▶ _The data_
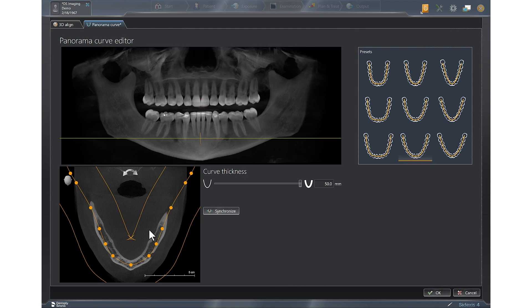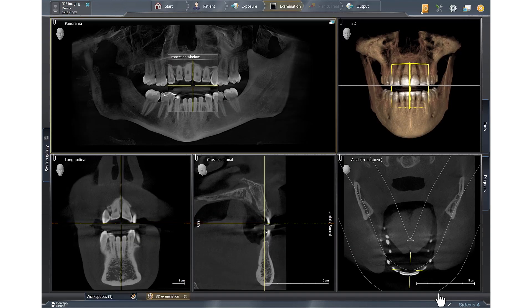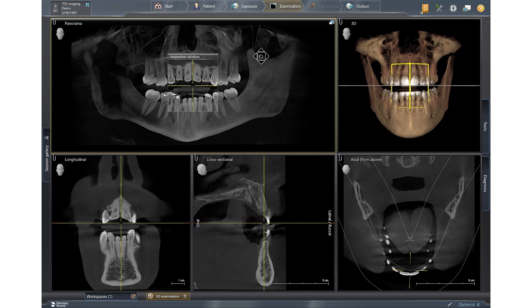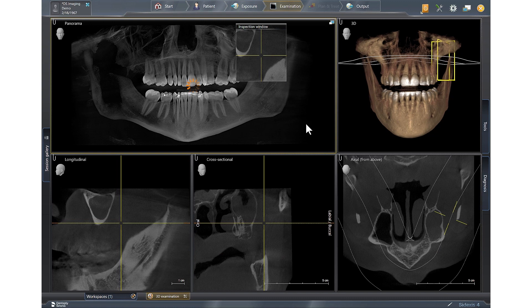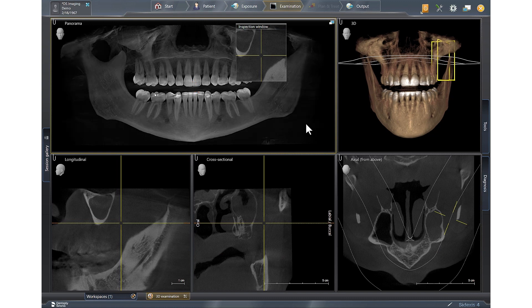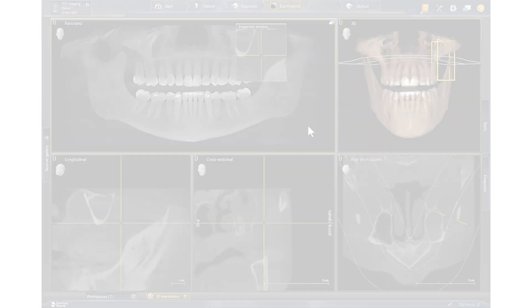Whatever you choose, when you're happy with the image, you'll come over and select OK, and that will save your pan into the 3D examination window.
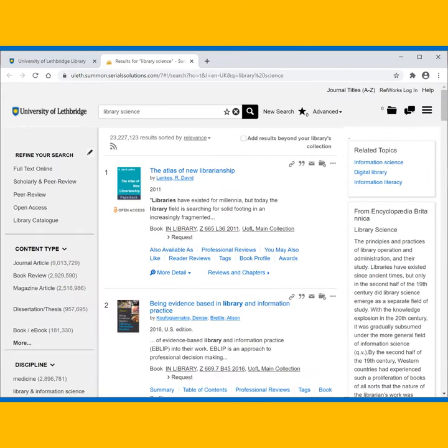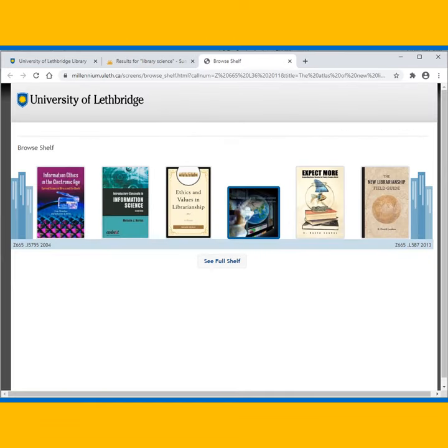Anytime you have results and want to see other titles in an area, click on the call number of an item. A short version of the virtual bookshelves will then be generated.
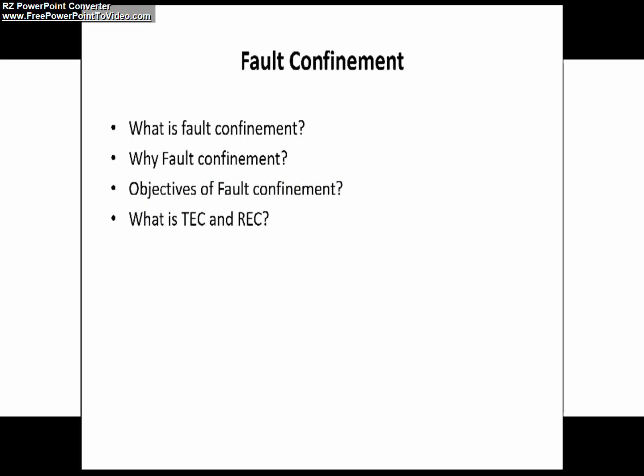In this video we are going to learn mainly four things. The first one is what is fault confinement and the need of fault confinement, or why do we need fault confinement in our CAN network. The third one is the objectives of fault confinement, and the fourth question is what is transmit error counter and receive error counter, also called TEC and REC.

▶ _Work order_
The aim is an exact repeat of the entire listing, stripped of pictures.

▶ _Solved exercise_
Whatever you choose, when you're happy with the image, you'll come over and select OK, and that will save your pan into the 3D examination window.
Anytime you have results and want to see other titles in an area, click on the call number of an item. A short version of the virtual bookshelves will then be generated.
In this video we are going to learn mainly four things. The first one is what is fault confinement and the need of fault confinement, or why do we need fault confinement in our CAN network. The third one is the objectives of fault confinement, and the fourth question is what is transmit error counter and receive error counter, also called TEC and REC.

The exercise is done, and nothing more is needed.